• **TO DO**: Below this sentence is a listing; return exactly its lines from the one with "Glitter Glazed Calfskin Medium Boy Flap Black" to the one with "xbsifyiooa Number 1-10", both kept, and nothing more.

• **EXTRACTED ENTRIES**:
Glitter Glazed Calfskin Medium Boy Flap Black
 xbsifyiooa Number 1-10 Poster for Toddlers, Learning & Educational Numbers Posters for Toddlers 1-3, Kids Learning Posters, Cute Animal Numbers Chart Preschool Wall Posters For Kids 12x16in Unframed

==

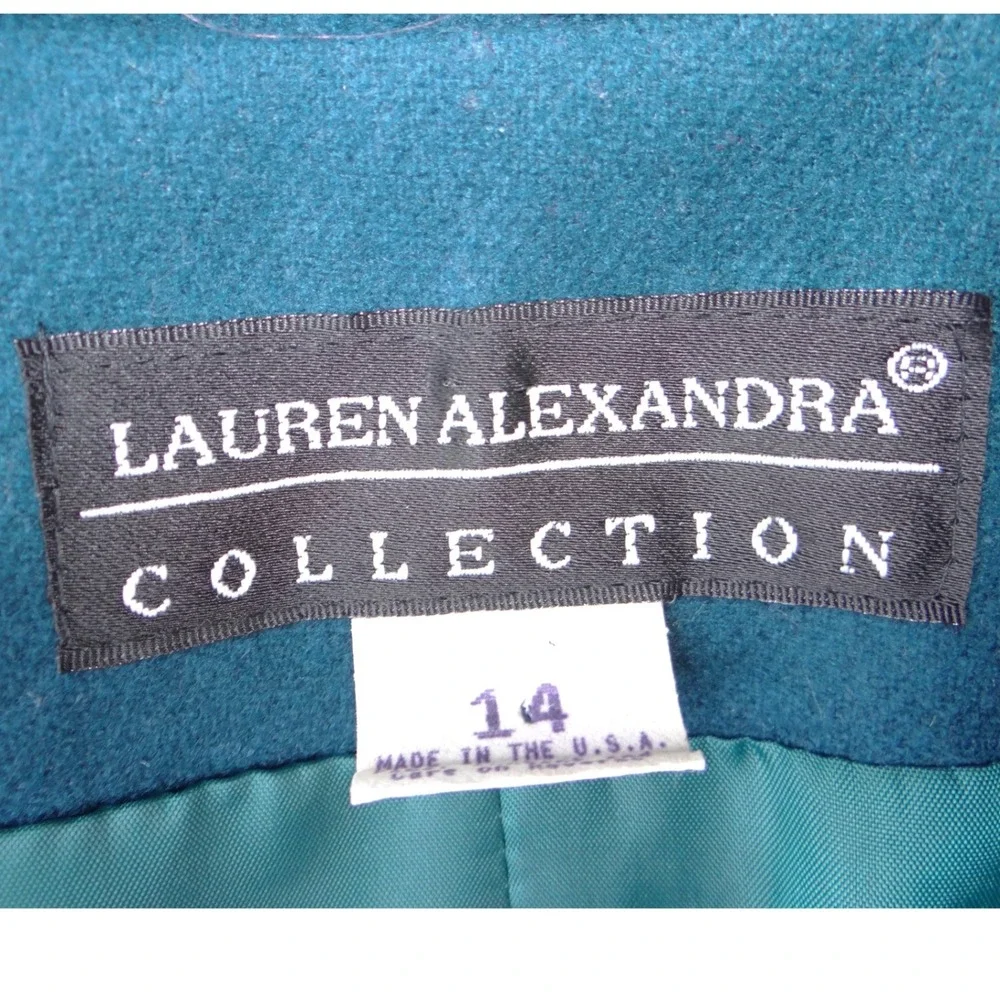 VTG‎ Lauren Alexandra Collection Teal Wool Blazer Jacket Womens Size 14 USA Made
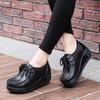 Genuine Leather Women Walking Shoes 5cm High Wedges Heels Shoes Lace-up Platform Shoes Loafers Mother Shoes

• **WRITTEN RESPONSE**:
Glitter Glazed Calfskin Medium Boy Flap Black
 xbsifyiooa Number 1-10 Poster for Toddlers, Learning & Educational Numbers Posters for Toddlers 1-3, Kids Learning Posters, Cute Animal Numbers Chart Preschool Wall Posters For Kids 12x16in Unframed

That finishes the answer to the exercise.